**** RECORDED DATA
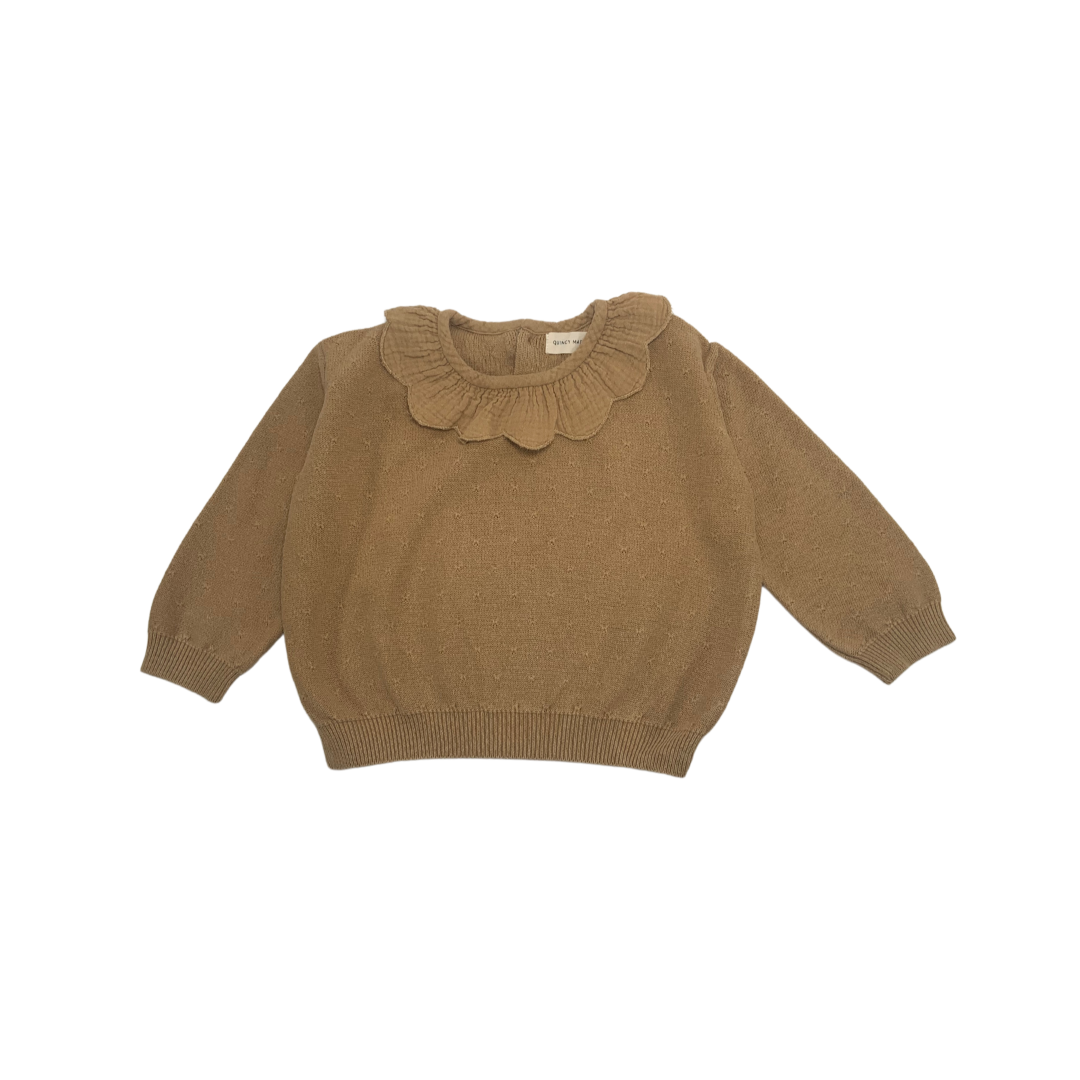 QUINCY MAE, Sweaters, 96 cm front preview
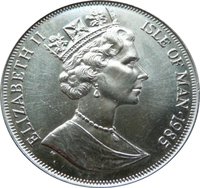 1 Crown obverse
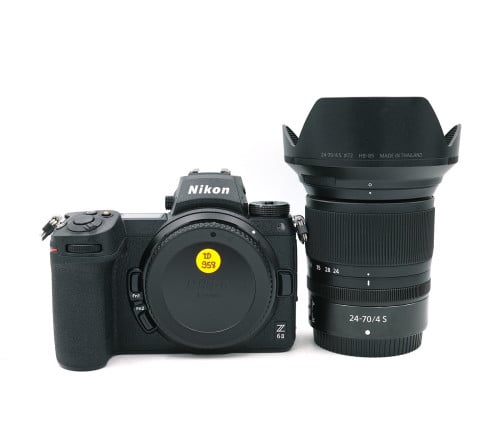 NIKON Z6II KIT Z 24-70mm F/4 S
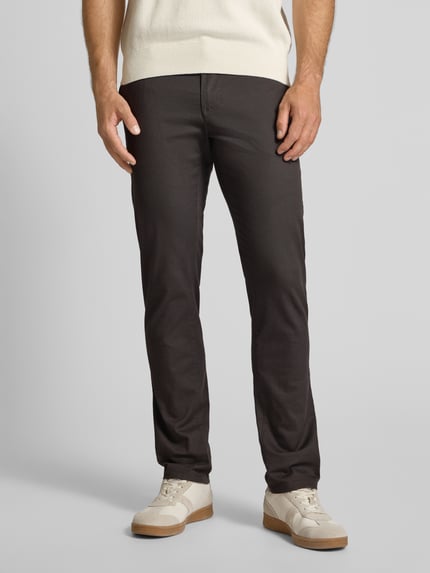 MCNEAL Slim Fit Hose mit Gesäßtaschen Dunkelgrau 4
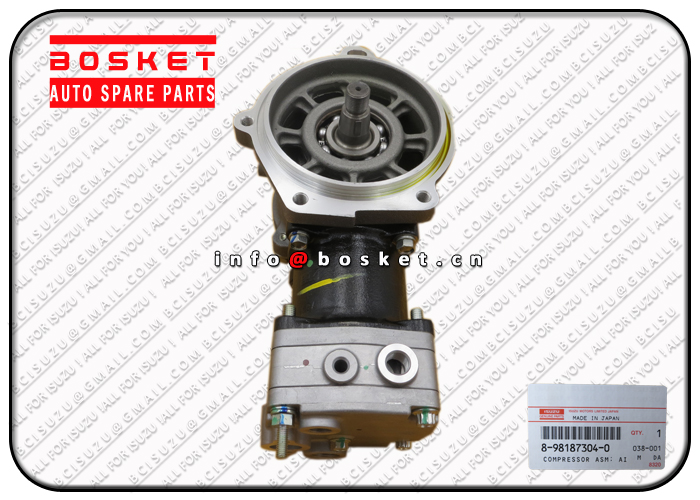 Air Compressor Assembly Suitable For ISUZU LT LV 8-98187304-0 8981873040 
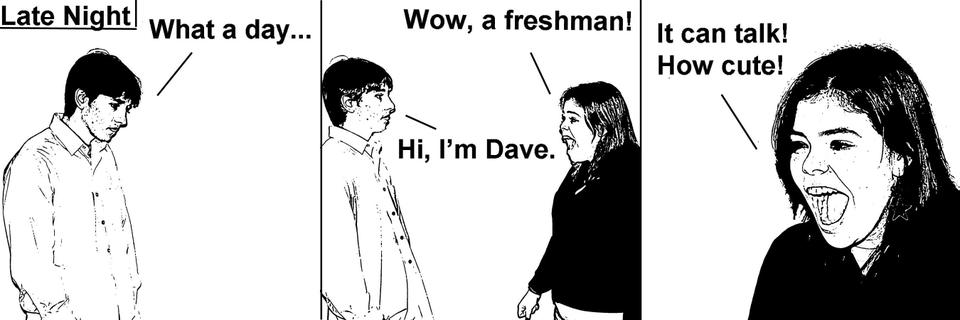 Strange Encounters of the Female Kind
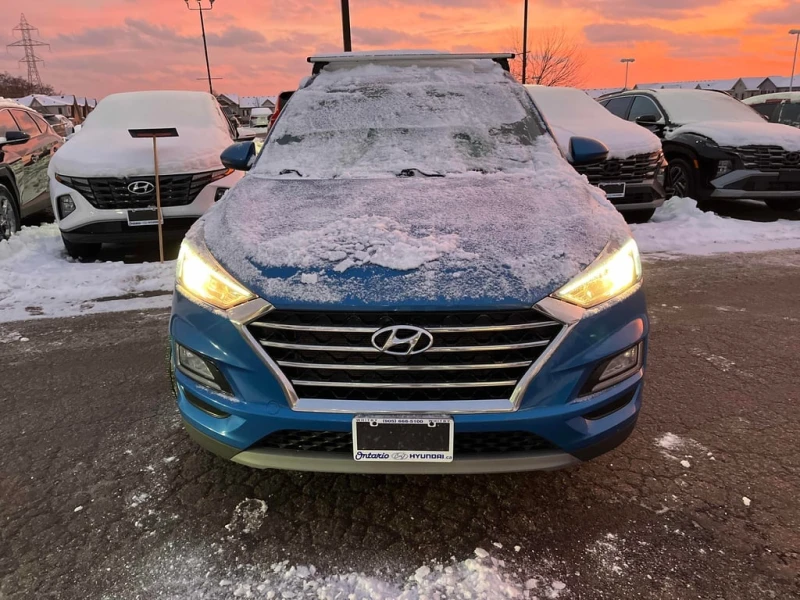 Hyundai Tucson * Luxury * CARFAX * ЦЕНА ДО БГ, снимка 2 - Автомобили и джипове - 52869809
********
A word-for-word copy of the records is required. Leave out every picture.

- EXERCISE SOLUTION
 QUINCY MAE, Sweaters, 96 cm front preview
 1 Crown obverse
 NIKON Z6II KIT Z 24-70mm F/4 S
 MCNEAL Slim Fit Hose mit Gesäßtaschen Dunkelgrau 4
 Air Compressor Assembly Suitable For ISUZU LT LV 8-98187304-0 8981873040 
 Strange Encounters of the Female Kind
 Hyundai Tucson * Luxury * CARFAX * ЦЕНА ДО БГ, снимка 2 - Автомобили и джипове - 52869809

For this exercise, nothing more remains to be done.